A UN report accuses the Israeli military in connection with its action against protestors in the Strip. The report is based on confidential information from military sources. It will not have any effects, source tells AsiaNews. Meanwhile, Israel goes to the polls in April with Netanyahu's leadership at risk.
Jerusalem (AsiaNews) – A UN panel accuses Israeli security forces of (possible) war crimes in connection with the death of at least 189 Palestinians and the wounding of another 6,100 during the weekly protests that flared up last year to Gaza.
“The Israeli security forces killed and maimed Palestinian demonstrators who did not pose an imminent threat of death or serious injury to others when they were shot, nor were they directly participating in hostilities,” the panel report said.
The panel had access to confidential information about those believed to be responsible for the killings, including snipers and commanders, which was given to UN High Commissioner for Human Rights Michelle Bachelet to share with the International Criminal Court (ICC).

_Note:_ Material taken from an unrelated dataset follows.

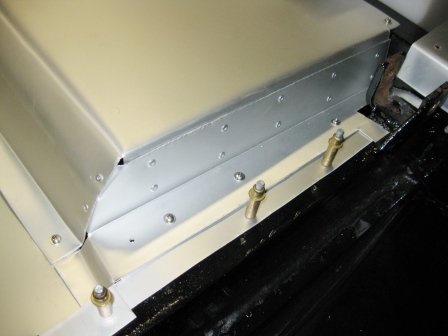 1970 Silver Streak Sabre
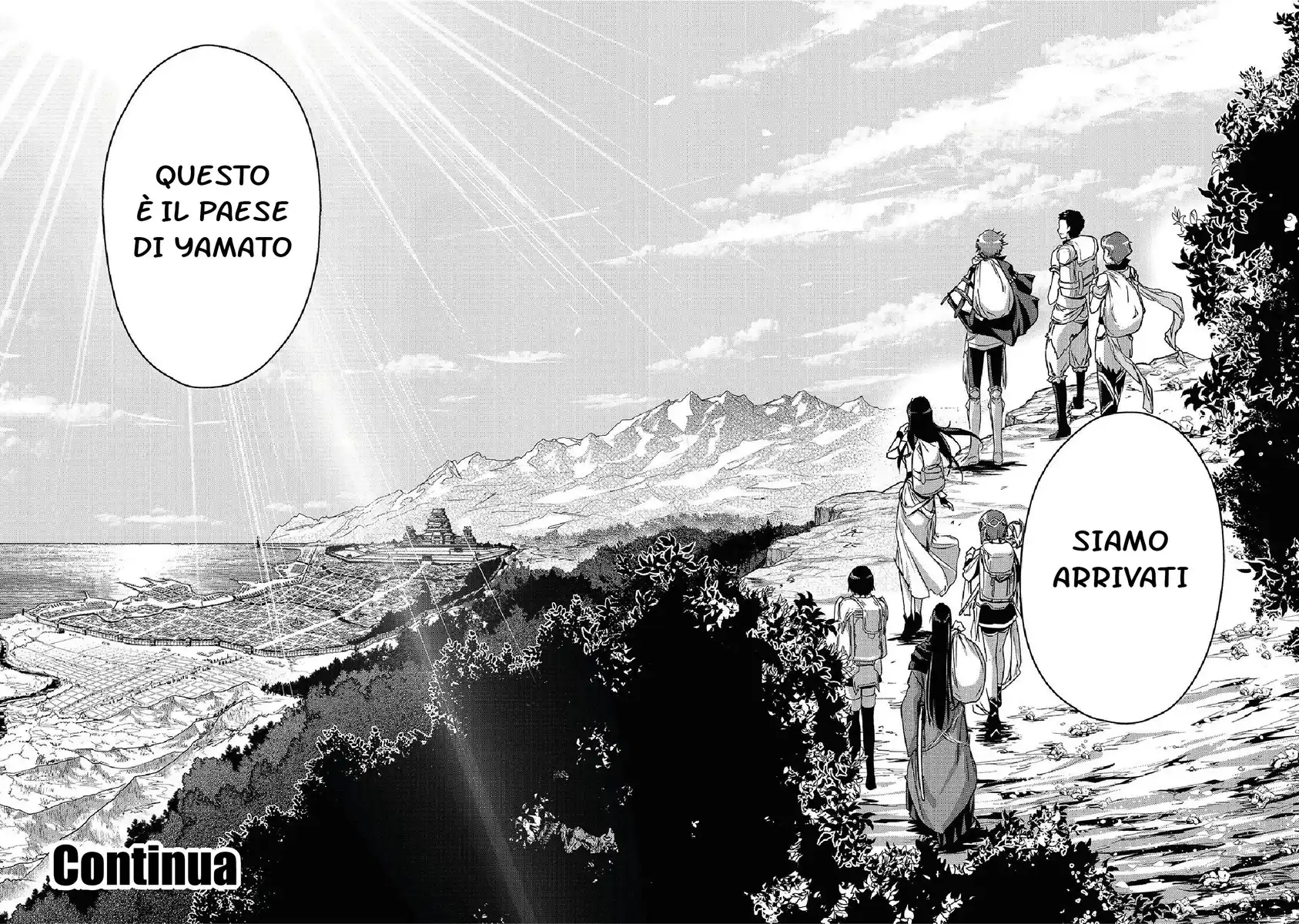 Assassin de aru ore no Sutetasu ga Yuusha yori mo Akiraka ni Tsuyoi Nodaga Capitolo 10 page 30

One anonymous source in Jerusalem told AsiaNews that this report "will not have any particular effects". In the past, "international organisations, including the UN, reacted to violent acts, but nothing happened. It's just a pile of documents, worth nothing because, with someone’s veto, everything falls."
Things are "quieter" now and the recent violence has been put behind. Israel responded with force, based on fear hard to measure that led to the death of almost 200 people in less than a year.
After 30 March 2018 and the start of the "Return March", the border between the Strip and Israel saw repeated Palestinian demonstrations against Israel’s blockade, which has turned Gaza into an open-air jail, and for the recognition of the right of Palestinian refugees to return to their homes.
The confrontation led to numerous episodes of violence, which Israeli activists have described as “our shame” because of the number of Palestinians casualties.
For its part, the Israeli military have claimed that they opened fire to protect the border from raids and attacks by armed gunmen.
A ceasefire seems unlikely and Gaza’s Catholic parish priest has said that the situation is "desperate".
Israel withdrew from Gaza in 2005, but has kept a tight control over its borders and coastline. Since then, it has fought three wars with Hamas, the Palestinian extremist movement that rules the Strip.
"Now everything is focused on Israel’s upcoming elections in April,” said a diplomat contacted by AsiaNews. “There is great expectation for the result and changes at the top are not excluded ".
The challenge to Prime Minister Benjamin Netanyahu's leadership has never so strong.